The concept of biogeochemical barriers is gaining importance in agricultural landscape because they may counteract the spread of pollutants carried with surface water and groundwater. As results from the analysis conducted in our study, not only areas with trees can play the role of such buffer strips, but these can also be bushy areas, orchards used for extensive fruit production, areas with perennial herbaceous vegetation (e.g. wastelands), and waterbodies. The essence of their influence is the ability to capture chemicals dissolved in water and accumulate them in plant biomass or in litter and soil within buffer strips as well as in sediments in waterbodies, where they are biochemically transformed by communities of organisms. Perennial vegetation around and in the waterbody plays a special role in the capturing of pollutants and nutrients contained in fertilisers, which are leached from fields37. Buffer strips, especially those with trees, also significantly affect carbon sequestration, both in plants and in soil38. Buffer zones are the places where plants assimilate inorganic compounds, including nitrogen and phosphorus. Soil microorganisms in buffer zones are involved in biogeochemical processes, whereas soluble and insoluble phosphorus compounds are sorbed and transported. The presence of diverse vegetation such as trees, shrubs, and grasses within this habitat results in intense removal of nutrients from waters migrating from the catchment area to the waterbody.

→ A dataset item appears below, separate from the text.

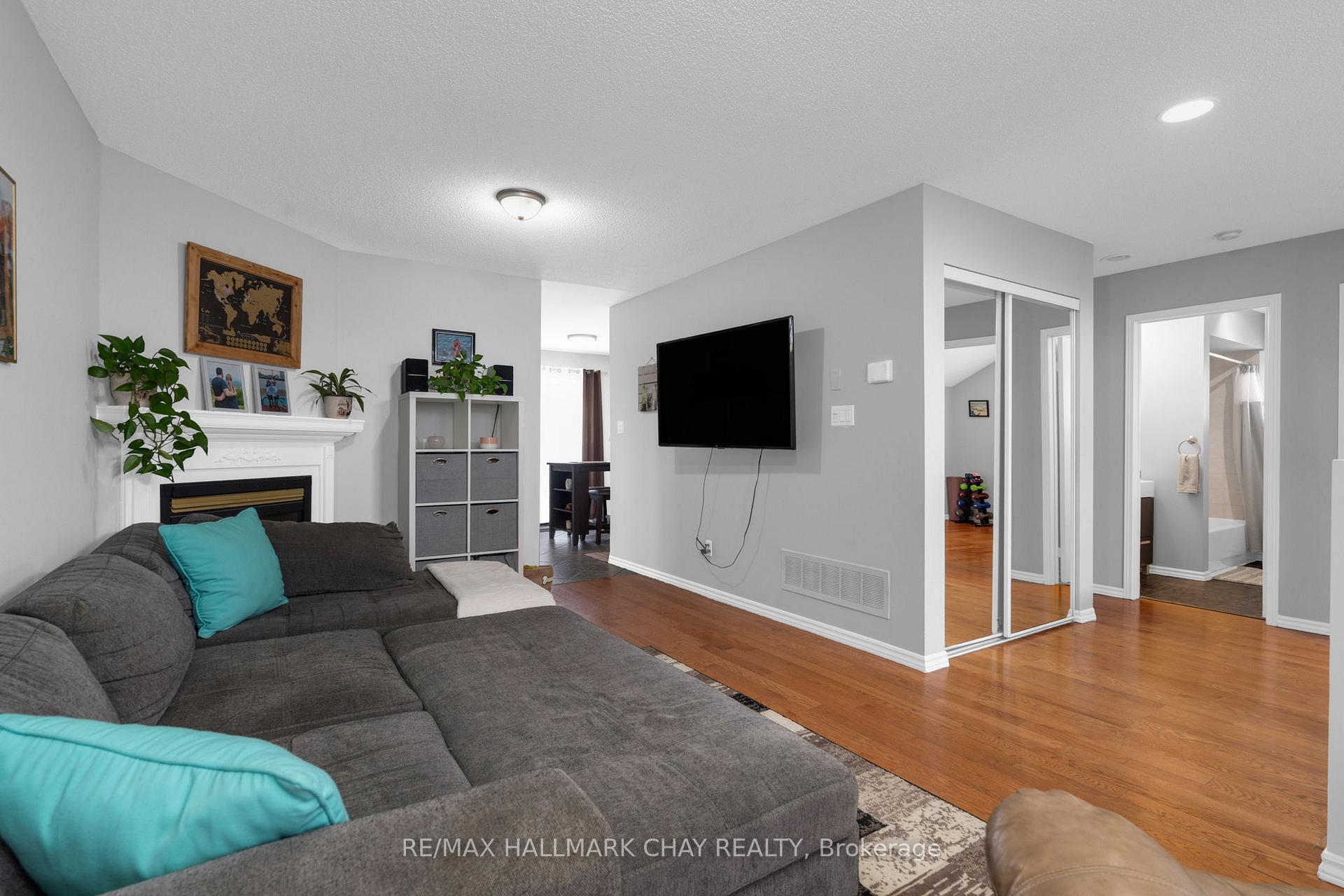 Photo 6 of 222 Wessenger Drive, Barrie, Holly — HOMEH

Changes in the land use structure, especially in the immediate vicinity of waterbodies, are particularly important in small catchment areas, because allochthonous substances often enter waters from their entire area12. Due to the ability to retain water by small waterbodies, the amounts accumulated during periods of its excess, e.g. during the thaw period, can be used during the growing season, because it can be accessed by plants3. As buffer strips and the vegetation of waterbodies are characterised by greater evapotranspiration than the vegetation of arable fields, they improve the microclimate and counteract the effects of drought52. Waterbodies are an important element in the water cycle, as they significantly influence the water balance in agricultural catchment areas and water relations in soils15.

It is possible to effectively counteract the degradation of small aquatic ecosystems in rural areas by increasing the area occupied by diverse, permanent vegetation (trees, shrubs, perennial vegetation) in the buffer zone extending within 100 m from the shoreline in order to separate farmland, built-up areas, and roads from waterbodies. It would be advisable to move intensive farming production beyond the entire 100-m-wide buffer zone, or at least reduce the intensity of agricultural activity.


The catchment areas of waterbodies significantly affect small aquatic ecosystems. As the distance from the shoreline increases, the influence of the catchment area decreases. The amount of pollutants flowing into waterbodies mostly depends on the type of land use in the catchment area.

The presence of bushy areas, orchards, and wasteland with perennial vegetation in the vicinity of small waterbodies is particularly important in the agricultural landscape. They protect the water in the waterbodies from diffuse pollution. It is possible to accelerate or inhibit the inflow of mineral and organic matter to the waterbodies by using different forms of spatial management in the 100-m buffer zone. The right landscape structure, stimulating the intensity of a small water cycle, is also important to counteract the overdrying of the soil cover in these areas, which is one of the greatest threats to the agricultural environment. That is why it is so important to maintain small waterbodies in good ecological condition. Thanks to macrophytes, small waterbodies are characterised by high evaporation, which improves the microclimate in their vicinity. Small waterbodies are particularly important for the retention of water, because they prevent the excess of spring waters from flowing into the sea and they locally intensify the small water cycle.

The ecological approach to environmental protection requires not only the technical elimination of sources of pollution. It is also necessary to increase the resistance of natural systems to degradation by stimulating self-cleaning processes in the environment with a significant contribution of biogeochemical barriers.